The company does have some challenges to overcome. Total operating revenue decreased 10% from 2010 to 2011. Income from operations also decreased 47% for the same period. Earnings per share suffered a 53% drop.
It looks like losses in Q1 are still tied to the education part of the business, Kaplan. Kaplan revenue decreased 11% in Q1 2012 as compared to Q1 2011. This needs to turn around for WPO as education comprised 58% of total revenue.
The newspaper division revenue decreased 8% for Q1 2012. Cable One experienced no percentage change in revenue, but it had a 13% decrease in operating income for Q1 2012.

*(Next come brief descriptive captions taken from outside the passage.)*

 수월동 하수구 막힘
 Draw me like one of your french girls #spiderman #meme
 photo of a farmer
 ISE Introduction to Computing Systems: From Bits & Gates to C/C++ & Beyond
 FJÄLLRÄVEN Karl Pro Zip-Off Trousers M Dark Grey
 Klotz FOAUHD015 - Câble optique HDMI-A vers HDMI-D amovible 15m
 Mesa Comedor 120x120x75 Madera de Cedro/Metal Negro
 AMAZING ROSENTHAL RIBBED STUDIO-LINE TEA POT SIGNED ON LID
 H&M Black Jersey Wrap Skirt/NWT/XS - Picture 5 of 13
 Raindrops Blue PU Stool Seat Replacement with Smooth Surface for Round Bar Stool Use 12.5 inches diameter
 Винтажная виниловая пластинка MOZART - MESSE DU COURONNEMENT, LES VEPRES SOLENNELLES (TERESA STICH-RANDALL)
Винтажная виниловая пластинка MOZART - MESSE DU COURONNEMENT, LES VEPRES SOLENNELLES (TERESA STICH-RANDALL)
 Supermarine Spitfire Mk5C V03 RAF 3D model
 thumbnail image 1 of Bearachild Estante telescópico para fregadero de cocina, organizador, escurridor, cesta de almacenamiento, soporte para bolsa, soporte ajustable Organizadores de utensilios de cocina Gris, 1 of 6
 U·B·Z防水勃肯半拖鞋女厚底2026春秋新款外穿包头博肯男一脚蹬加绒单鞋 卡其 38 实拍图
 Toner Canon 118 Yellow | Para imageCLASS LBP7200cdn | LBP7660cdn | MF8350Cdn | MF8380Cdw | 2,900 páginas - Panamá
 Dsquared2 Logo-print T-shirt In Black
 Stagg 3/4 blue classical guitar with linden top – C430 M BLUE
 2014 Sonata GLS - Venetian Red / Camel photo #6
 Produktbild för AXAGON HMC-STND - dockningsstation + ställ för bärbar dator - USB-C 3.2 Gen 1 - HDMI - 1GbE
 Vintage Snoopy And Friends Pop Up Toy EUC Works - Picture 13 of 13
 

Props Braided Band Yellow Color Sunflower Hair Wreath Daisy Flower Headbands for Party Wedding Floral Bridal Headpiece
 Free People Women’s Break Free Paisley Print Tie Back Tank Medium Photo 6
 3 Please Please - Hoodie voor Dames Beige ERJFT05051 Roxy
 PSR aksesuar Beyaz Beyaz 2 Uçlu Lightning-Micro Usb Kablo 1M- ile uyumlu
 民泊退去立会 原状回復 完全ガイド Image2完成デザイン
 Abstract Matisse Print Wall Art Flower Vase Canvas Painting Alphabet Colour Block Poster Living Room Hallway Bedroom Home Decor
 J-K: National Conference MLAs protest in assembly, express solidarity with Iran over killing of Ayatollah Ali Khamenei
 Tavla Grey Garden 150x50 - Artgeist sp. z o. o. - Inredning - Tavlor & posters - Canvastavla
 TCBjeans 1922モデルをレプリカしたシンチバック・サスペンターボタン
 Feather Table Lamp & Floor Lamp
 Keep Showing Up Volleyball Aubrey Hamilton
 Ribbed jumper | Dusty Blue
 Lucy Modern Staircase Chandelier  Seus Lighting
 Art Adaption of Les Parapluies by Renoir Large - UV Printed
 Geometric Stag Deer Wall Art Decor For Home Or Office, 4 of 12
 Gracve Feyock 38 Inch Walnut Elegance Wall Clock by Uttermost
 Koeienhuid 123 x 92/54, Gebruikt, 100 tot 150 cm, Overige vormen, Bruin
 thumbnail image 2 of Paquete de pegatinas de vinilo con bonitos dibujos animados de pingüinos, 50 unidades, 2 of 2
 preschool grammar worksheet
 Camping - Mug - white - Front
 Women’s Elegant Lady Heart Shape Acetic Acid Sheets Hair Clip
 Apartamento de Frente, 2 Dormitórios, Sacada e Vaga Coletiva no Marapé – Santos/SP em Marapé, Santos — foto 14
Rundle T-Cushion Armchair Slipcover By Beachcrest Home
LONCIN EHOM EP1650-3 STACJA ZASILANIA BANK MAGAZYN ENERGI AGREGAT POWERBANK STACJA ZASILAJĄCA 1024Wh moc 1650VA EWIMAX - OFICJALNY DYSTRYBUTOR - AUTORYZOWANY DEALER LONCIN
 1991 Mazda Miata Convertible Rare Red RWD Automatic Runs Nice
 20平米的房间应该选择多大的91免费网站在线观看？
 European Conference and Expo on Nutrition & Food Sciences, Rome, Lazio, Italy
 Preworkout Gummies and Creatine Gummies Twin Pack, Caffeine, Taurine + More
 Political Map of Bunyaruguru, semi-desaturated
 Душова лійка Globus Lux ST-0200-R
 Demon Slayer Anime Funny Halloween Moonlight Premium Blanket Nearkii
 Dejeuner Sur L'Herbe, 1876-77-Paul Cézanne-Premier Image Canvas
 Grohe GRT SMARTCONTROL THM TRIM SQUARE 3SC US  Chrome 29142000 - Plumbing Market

This is troubling since the three largest sources of revenue for the company struggle to grow. With the Kaplan division, students enrolled in large numbers two, three and four years ago. However, these large numbers are beginning to graduate. So, Kaplan needs to find a way to increase new enrollments. This is no easy task with education costs rising 5.9% per year.
WPO is undervalued as it trades right around its book value per share. Few stocks can make this claim. However, the ones that do typically have experienced underlying issues that need to be resolved. In WPO's case, this is declining revenue for its largest business.
WPO has beat earnings estimates in three of the last four quarters. However, earnings are expected to decrease 16% this year and 7.6% next year. Potential investors may want to wait for a turnaround in the business before investing. This is the type of company that should be able to rebound for the long-term. A wait and see approach might be the best strategy.
Disclosure: I have no positions in any stocks mentioned, and no plans to initiate any positions within the next 72 hours.